In the first decade since Partition of India in1947, one of the most intractable issues left over was the sharing of river and canal waters. What was developed as a single irrigation system over millennia had to be divided between two Sovereign States and to make matters worse, the waters in question flowed through Kashmir, a region that had led to armed conflict soon in the formative years of the two states and repeatedly after. It took the good offices of the World Bank to negotiate a fair and acceptable treaty for the sharing of the waters of the Indus River System between India and Pakistan.

The Indus river system consists of the Indus River and its major tributaries that include Kabul, Kurram, Swat, Jhelum and Chenab rivers in the West and Ravi, Beas and Sutlej in the East. The Indus originates near the Mansarovar Lake and travels through Tibet before entering India in the South-Eastern part of the state of Jammu and Kashmir. Thereafter, it passes through Pakistan occupied Kashmir (PoK) and then Pakistan before finally draining into the Arabian Sea near Karachi.
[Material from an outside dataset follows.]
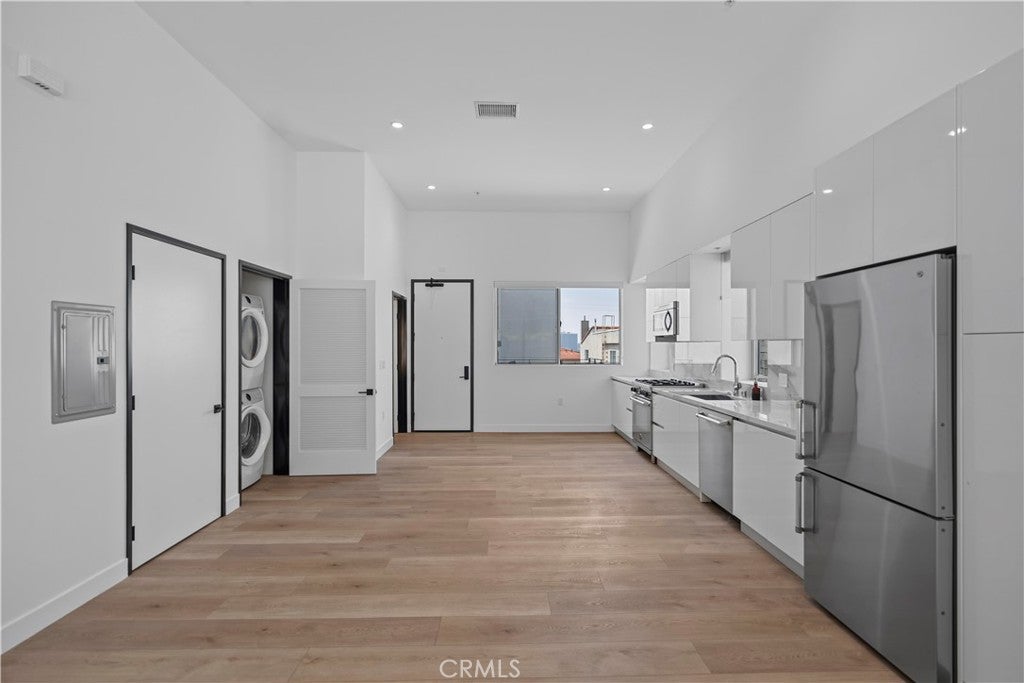 957 Figueroa Terrace 318, Los Angeles CA 90012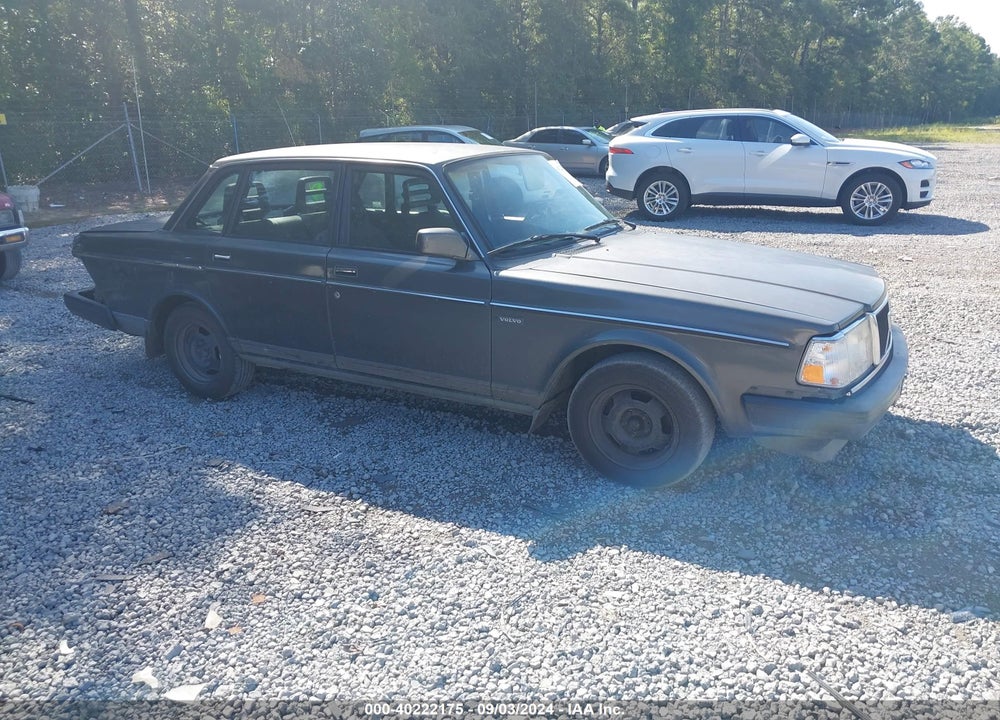 1991 VOLVO 240 VIN: YV1AA8848M1441277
However, lately there have been a lot of stresses and strains on the treaty that may make water sharing a politically charged issue between India and Pakistan, possibly even overtaking the issue of Kashmir as the primary source of conflict. Though there is a lack of mutual trust and accommodative spirit between India and Pakistan on most bilateral issues including sharing of water, it is in the interest of both countries to resolve all issues of water sharing on a technical basis within the consultative and reconciliatory framework provided in the IWT rather than letting these be taken over by political or emotional narratives.

History

Before Partition, The British developed an elaborate system of irrigation canals in the Indus basin in the 19th century. Most of the canals were constructed in the provinces of Punjab and Sind. However, each province built its own works independently due to lack of an integrated approach. Due to a lack of storage facilities, competition for the run-of-river flow increased and led to a dispute between Sind and Punjab in the 1930s. Events leading to the Partition obstructed any final settlement of the dispute. Upon Partition, India became the upper riparian in all five rivers of the Indus Water Basin in Punjab due to the location of headworks on the Indian side of the international boundary. The standstill agreement lapsed on 31 March 1948 and India stopped the water supply to Pakistan on 01 Apr 1948 due to nonpayment of revenue. This is considered to be the start point of the escalation of the dispute as it created a fear psychosis in the minds of Pakistan that India could hold Pakistan to ransom on the issue of water. The two countries signed a temporary Inter Dominion Agreement (also called the Delhi Agreement) in May 1948 to maintain the pre-partition status quo n water sharing till resolution of the dispute over revenue payment. However, India and Pakistan failed to resolve the dispute at a bilateral level due to lack of trust and political will on account of hardened domestic opinions. Pakistan wanted to escalate the dispute by referring it to the International Court of Justice which was rejected by India. On 01 Nov 1949, Pakistan declared the Delhi Agreement to be null and void and stopped making revenue payments with effect from July 1950. However, India continued to supply water to Pakistan without any disruption.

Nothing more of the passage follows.